18 Ekim 2011 Salı

Pardon, "idealizm" derken?

Sevgili günlük,

Sana daha önce, çok "adam sandığı" patronu tarafından tazminatı eksik ödenen ve üstelik de kendisine çemkirilen arkadaşımdan bahsetmiştim.

Bu arkadaş sonradan öyle bir çalışma yeri bulmuş ki, yani de desem nasıl nitelesem... Nitelemeden anlatayım en iyisi...

Baro'daki ilanlardan birini aramış ve akabinde görüşmeye gitmiş. Ofisin sahibi avukat hanım, kendi işini yapmak isteyen genç bir avukata gerçekten iyi imkanlar sağlıyormuş. Ofisini tamamen ücretsiz kullandırıyor, kendi işini de yapabiliyorsun, 3-5 bir şeyler de alabiliyorsun, falan filan. İyi yani.
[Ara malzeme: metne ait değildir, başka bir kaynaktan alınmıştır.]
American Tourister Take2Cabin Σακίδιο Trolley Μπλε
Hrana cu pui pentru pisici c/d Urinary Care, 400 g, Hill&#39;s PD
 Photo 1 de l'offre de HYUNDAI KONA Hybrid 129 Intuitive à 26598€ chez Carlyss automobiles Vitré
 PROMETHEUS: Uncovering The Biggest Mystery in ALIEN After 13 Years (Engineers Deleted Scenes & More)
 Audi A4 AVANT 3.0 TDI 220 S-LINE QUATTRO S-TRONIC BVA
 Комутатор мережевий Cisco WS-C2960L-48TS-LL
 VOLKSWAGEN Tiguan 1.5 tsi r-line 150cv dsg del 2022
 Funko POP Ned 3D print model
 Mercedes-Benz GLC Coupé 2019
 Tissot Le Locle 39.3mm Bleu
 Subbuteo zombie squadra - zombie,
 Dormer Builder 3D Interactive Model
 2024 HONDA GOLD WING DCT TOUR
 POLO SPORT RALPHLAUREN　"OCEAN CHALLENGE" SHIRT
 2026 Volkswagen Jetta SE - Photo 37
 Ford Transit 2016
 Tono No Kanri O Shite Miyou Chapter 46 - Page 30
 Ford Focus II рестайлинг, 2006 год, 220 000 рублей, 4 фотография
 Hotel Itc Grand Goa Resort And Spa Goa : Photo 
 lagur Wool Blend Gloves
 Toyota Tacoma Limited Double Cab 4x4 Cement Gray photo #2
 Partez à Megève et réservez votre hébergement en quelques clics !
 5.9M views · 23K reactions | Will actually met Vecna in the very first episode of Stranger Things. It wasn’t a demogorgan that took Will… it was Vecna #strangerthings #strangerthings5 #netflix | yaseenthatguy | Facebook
Fakat bu avukat hanımın müvekilleri, bizim hanımkızın tam da en karşı olduğu yönde çıkmışmış... Bir de isimli misimli filan tiplermiş, yani öyle kıyıda köşede kalmış işler de değilmiş avukat hanımın işleri...

"N'aptın kabul ettin mi?" dedim, "Etmeyip n'apacaktım?" dedi. "Zilyonlarca solcu avukat tanıyorum, hepsi de çok güzel konuşurlar. Bu avukat hanımın verdiğinin yarısını bile verdiler de ben mi hayır dedim? Üzgünüm, hayat zor." dedi.

"Hayırlı olsun" dedim ve sessizce dağıldık.